» WHAT YOU ARE ASKED TO DO
Line by line, print the records exactly as they are, dropping the pictures.

» SUPPLIED MATERIAL
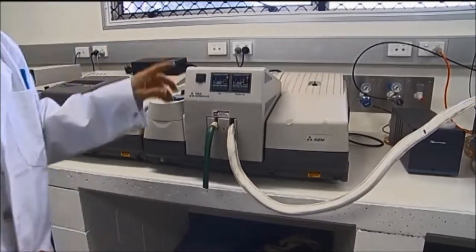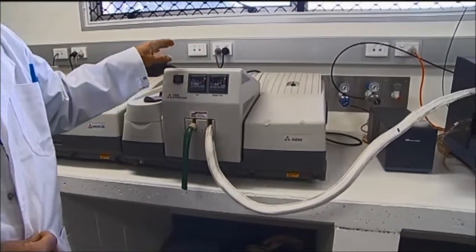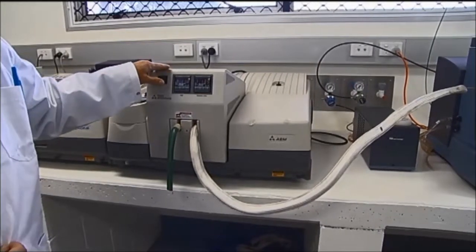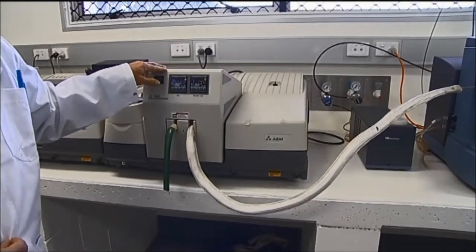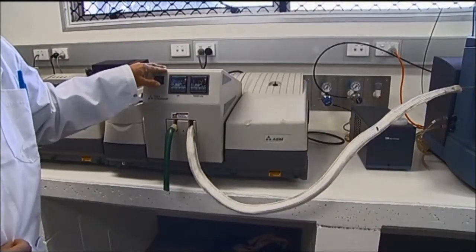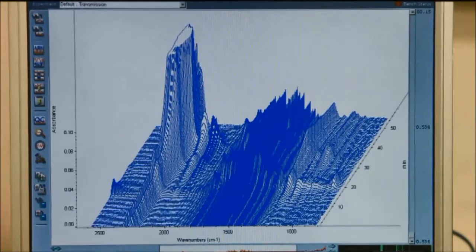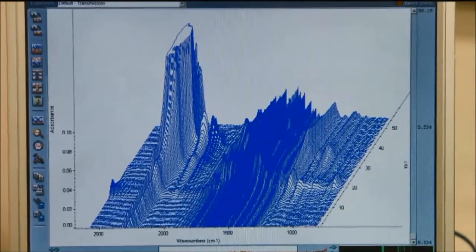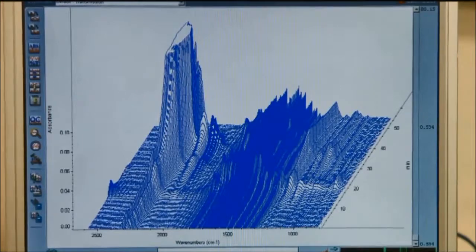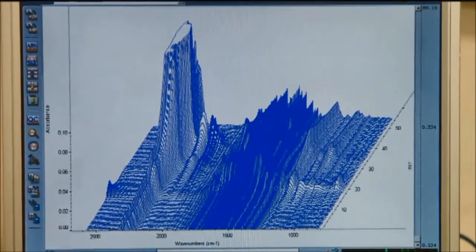Simultaneously with the TGA thermogram, we are able to collect every 10 or 15 seconds the infrared signals of the emitted gases. This graph shows a three-dimensional view of the infrared signal of the gases emitted during combustion at different times.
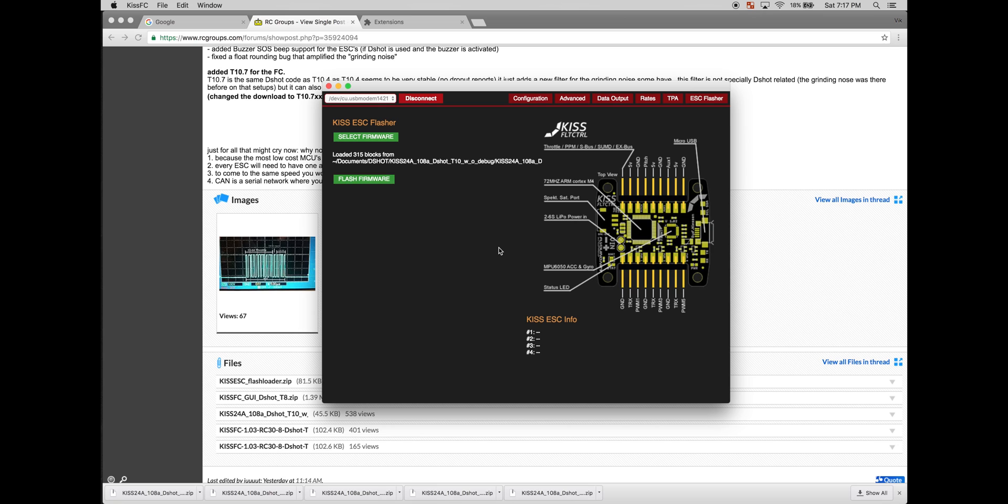Before you click flash firmware, make sure you plug in the LiPo. Once the LiPo is plugged in, click flash firmware.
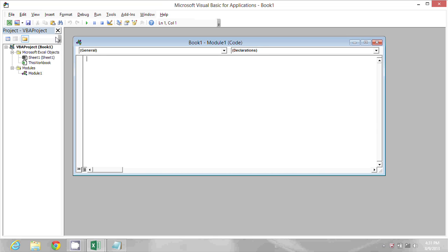Now sometimes you'll end up with extra Excel sessions open in the background when you're writing macros, and this macro that we're going to write or this procedure is going to allow us to close all of those hidden sessions so that you're not taking up additional memory resources.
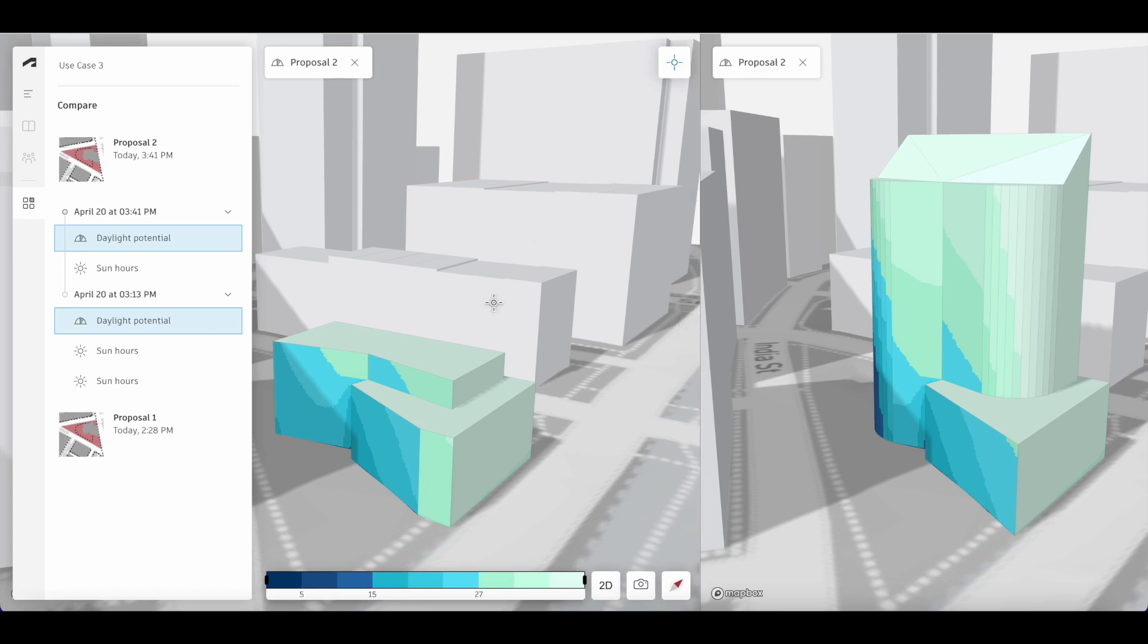We can then use the inspection points again to see if there are major changes to daylight potential as a result of the new building design.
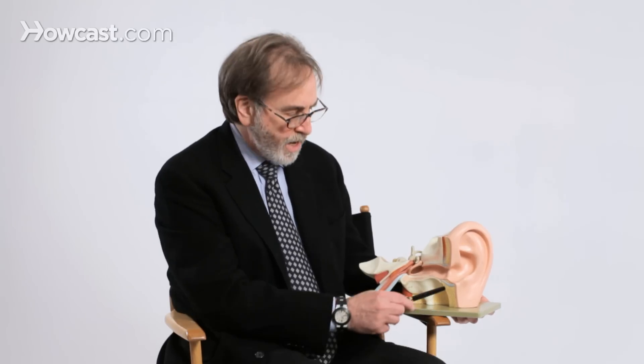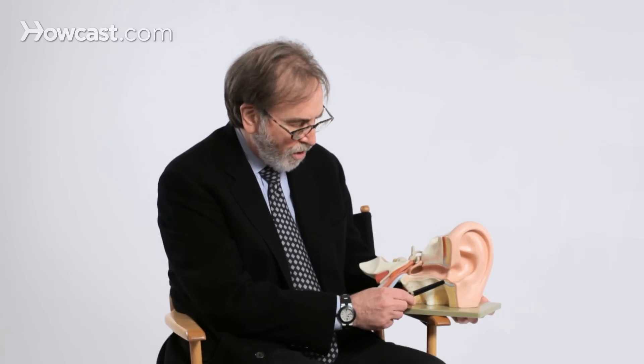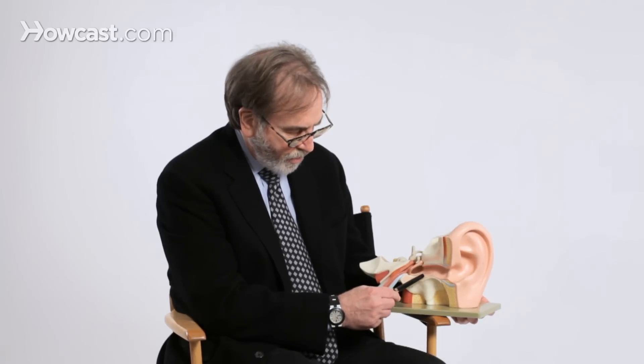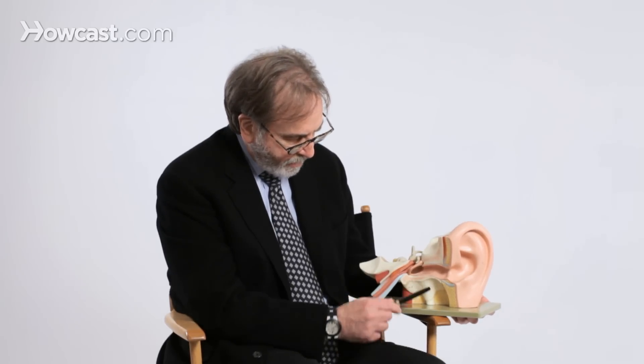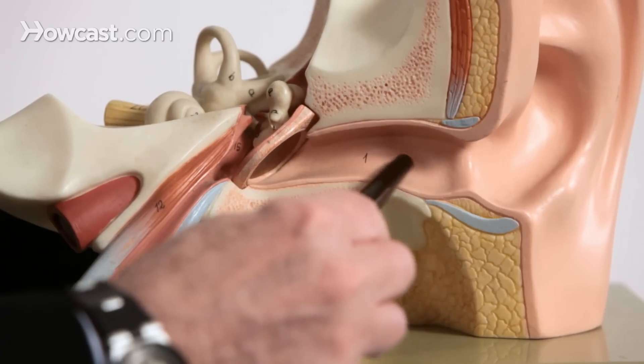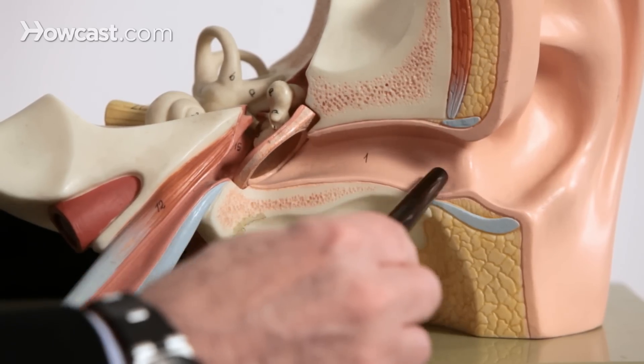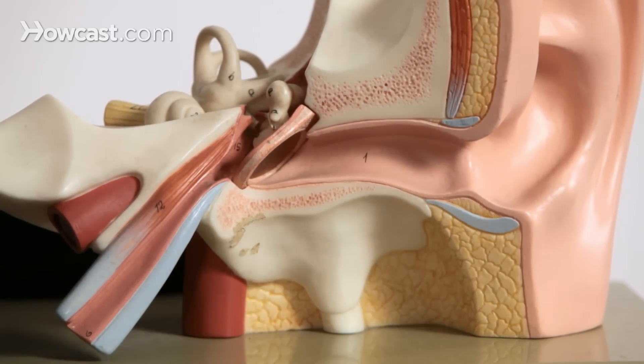In a child, it's reversed. At birth, the outer ear canal is two-thirds cartilage and only one-third bone. And this is where ear wax is made.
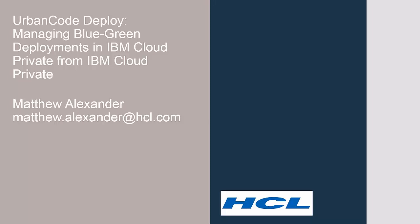My name is Matthew Alexander, I'm a developer at HCL, and in this video I'll demonstrate managing blue-green deployments in IBM Cloud Private using UrbanCode Deploy, while UrbanCode Deploy itself is running as a container inside IBM Cloud Private.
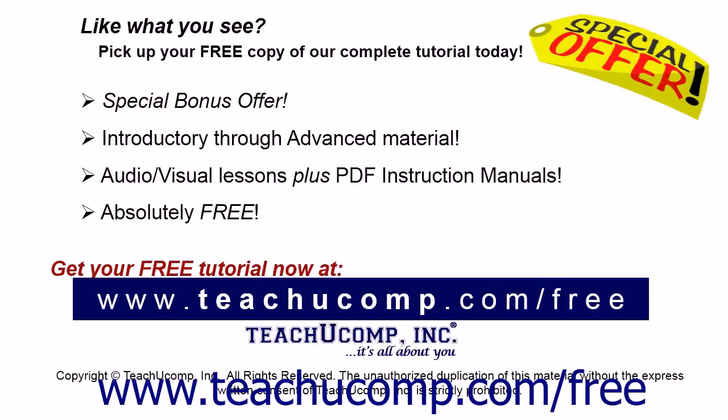Like what you see? Pick up your free copy of the complete tutorial at www.teachucomp.com forward slash free.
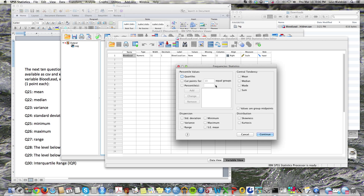Then we choose Statistics. In this case we want quartiles, and we want mean and median. I'm going to just select all of these numbers and click Continue.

» TASK SOLUTION
Simultaneously with the TGA thermogram, we are able to collect every 10 or 15 seconds the infrared signals of the emitted gases. This graph shows a three-dimensional view of the infrared signal of the gases emitted during combustion at different times.
Before you click flash firmware, make sure you plug in the LiPo. Once the LiPo is plugged in, click flash firmware.
Now sometimes you'll end up with extra Excel sessions open in the background when you're writing macros, and this macro that we're going to write or this procedure is going to allow us to close all of those hidden sessions so that you're not taking up additional memory resources.
We can then use the inspection points again to see if there are major changes to daylight potential as a result of the new building design.
In a child, it's reversed. At birth, the outer ear canal is two-thirds cartilage and only one-third bone. And this is where ear wax is made.
My name is Matthew Alexander, I'm a developer at HCL, and in this video I'll demonstrate managing blue-green deployments in IBM Cloud Private using UrbanCode Deploy, while UrbanCode Deploy itself is running as a container inside IBM Cloud Private.
Like what you see? Pick up your free copy of the complete tutorial at www.teachucomp.com forward slash free.
Then we choose Statistics. In this case we want quartiles, and we want mean and median. I'm going to just select all of these numbers and click Continue.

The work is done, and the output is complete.